Using NVLink for intranode communication can be achieved through GPU streaming multiprocessor (SM)–initiated load and store instructions. However, internode communication involves submitting a work request to a network interface controller (NIC) to perform an asynchronous data transfer operation.
Before the introduction of IBGDA, the NVSHMEM InfiniBand Reliable Connection (IBRC) transport used a proxy thread on the CPU to manage communication (Figure 1). When using a proxy thread, NVSHMEM performs the following sequence of operations:
- The application launches a CUDA kernel that produces data in GPU memory.
- The application calls an NVSHMEM operation (such as
nvshmem_put) to communicate with another processing element (PE). This operation can be called from within a CUDA kernel when performing fine-grain or overlapped communication. The NVSHMEM operation writes a work descriptor to the proxy buffer, which is in the host memory.
- The NVSHMEM proxy thread detects the work descriptor and initiates the corresponding network operation.
The following steps describe the sequence of operations performed by the proxy thread when interacting with an NVIDIA InfiniBand host channel adapter (HCA), such as the ConnectX-6 HCA:
- The CPU creates a work descriptor and enqueues it on the work queue (WQ) buffer, which resides in the host memory.
- This descriptor indicates the requested operation such as an RDMA write, and contains the source address, destination address, size, and other necessary network information.
- The CPU updates the doorbell record (DBR) buffer in the host memory. This buffer is used in the recovery path in case the NIC drops the write to its doorbell (DB).
- The CPU notifies the NIC by writing to its DB, which is a register in the NIC hardware.
- The NIC reads the work descriptor from the WQ buffer.
- The NIC directly copies the data from the GPU memory using GPUDirect RDMA.
- The NIC transfers the data to the remote node.

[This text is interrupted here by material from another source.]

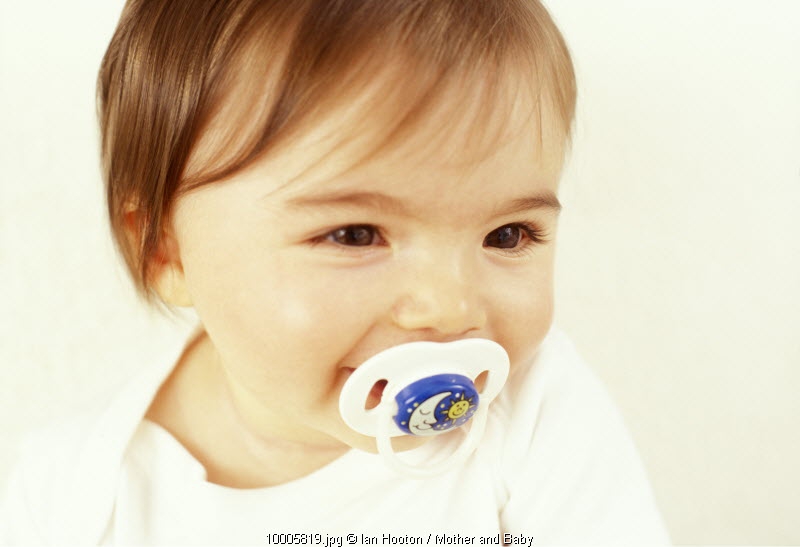 Empeng Menghambat Perkembangan Anak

- The NIC indicates that the network operation is completed by writing an event to the completion queue (CQ) buffer on the host memory.
- The CPU polls on the CQ buffer to detect completion of the network operation.
- The CPU notifies the GPU that the operation has completed. If GDRCopy is present, it writes a notification flag to the GPU memory directly. Otherwise, it writes that flag to the proxy buffer. The GPU polls on the corresponding memory for the status of the work request.
While this approach is portable and can provide high bandwidth for bulk data transfers, it has two major drawbacks:
- CPU cycles are continuously consumed by the proxy thread.
- You cannot reach the peak NIC throughput for fine-grain transfers because of a bottleneck at the proxy thread. Modern NICs can process hundreds of millions of communication requests per second. While the GPU can generate requests at this rate, the CPU proxy’s processing rate is orders of magnitude lower, creating a bottleneck for fine-grain communication patterns.
In contrast with proxy-initiated communication, IBGDA uses GPUDirect Async–Kernel-Initiated (GPUDirect Async–KI) to enable the GPU SM to interact directly with NIC. This is shown in Figure 2 and involves the following steps.
- The application launches a CUDA kernel that produces data in the GPU memory.
- The application calls an NVSHMEM operation (such as
nvshmem_put) to communicate with another PE. The NVSHMEM operation uses an SM to create a NIC work descriptor and writes it directly to the WQ buffer. Unlike the CPU Proxy method, this WQ buffer resides in the GPU memory.
- The SM updates the DBR buffer, which is also located in the GPU memory.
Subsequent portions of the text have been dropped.